Low response rates represent the most frustrating and costly side of survey strategies. While marketing leaders prioritize the problem, they have yet to substantially erase the challenge of how to increase survey response rates.
Why does it matter? There’s nothing better than surveys for getting direct, unbiased feedback from your target audience. However, in market segments with thousands of clients, it’s critical to calculate precisely what response rate (a crucial metric) represents the feelings and thoughts of the broad market.
Survey response rates in practice
For example, suppose your team believes there are three thousand brand loyalists within your client base, and you want to confirm this hypothesis with an NPS (Net Promoter Score) survey.
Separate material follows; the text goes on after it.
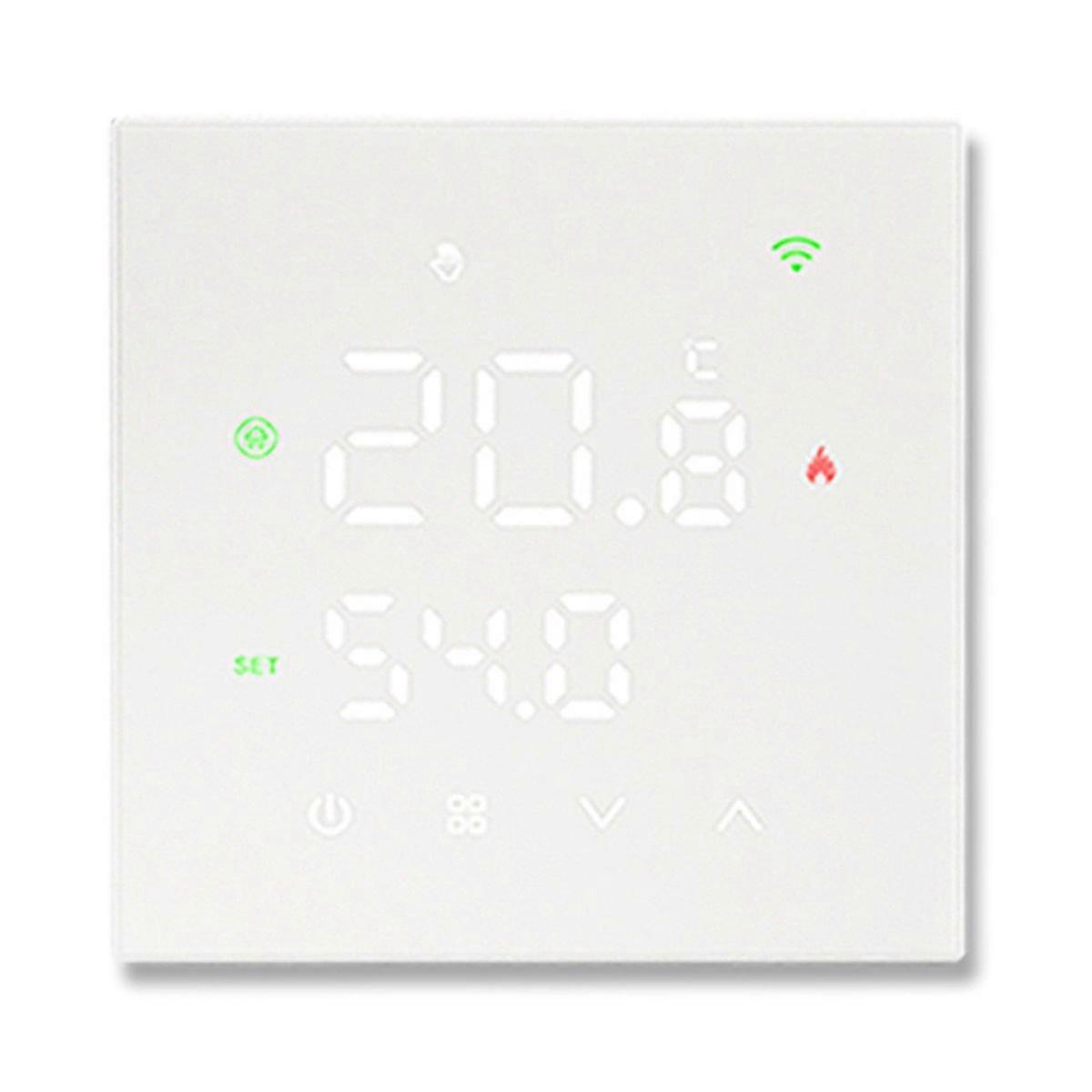 Tuya WiFi Electric Floor Heating Temperature Controller Switch B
Our suggestion involves asking each customer on the elevated list, “Would you recommend “Brand X” to friends and family?” This is considered one of the most revealing ways to confirm customer retention.
In this case, you must secure at least a 5% response rate (i.e., 150 survey completions). Many disagree, setting the bottom rung at closer to 20% (600) to ensure reliable results, going as high as promoting a fifty percent targeted average response. In other words, developing marketing initiatives based on data feedback can only progress if you’re confident the insights are accurate and statistically validated.
The bottom line is this: Surveys seamlessly facilitate collecting vast data feedback in a relatively short time as long as they conform to a scale that makes statistical sense. How do you ensure that? Read on to learn more.
What is a survey response rate?
Circling back to our example in the introduction, every marketer must know how to calculate survey response rates. It’s simply (The number of responses/The number of people you sent the survey to) x 100. Less than 5% is a poor response rating, and 30% (plus) is excellent.
Apply this formula to the results. Please note that some surveys divorce themselves from a response rate (i.e., a completion rate—see below). Why? They’re open-ended (like a suggestion box), making the formula baseline (i.e., the number of people you sent the survey to) indeterminable.
Response Rate vs. Completion Rate – Is there a difference?
You’ll probably see the term “survey completion rate” when you enter this arena. It’s different from response rate in that it measures as follows:
(The number of responses/The number of people who began the survey process) x 100.
For example, suppose you distributed 3,000 surveys via email, and 300 responded (i.e., a 10% response rate). However, your virtual tracking indicates that 1,500 started the survey process. In this case, the completion rate (based on the provided formula) is (300/1,500) x 100 = 20%.
Disappointing response rates frequently coincide with low completion rates, although the latter signifies different dynamics, such as overly long surveys, questions that are too complicated or personal, and anonymity issues.
So, talking about completion rate metrics specifically, they allow you to review things from a different perspective by looking at how easy or difficult your survey process is to navigate, with disruptive touchpoints a primary consideration.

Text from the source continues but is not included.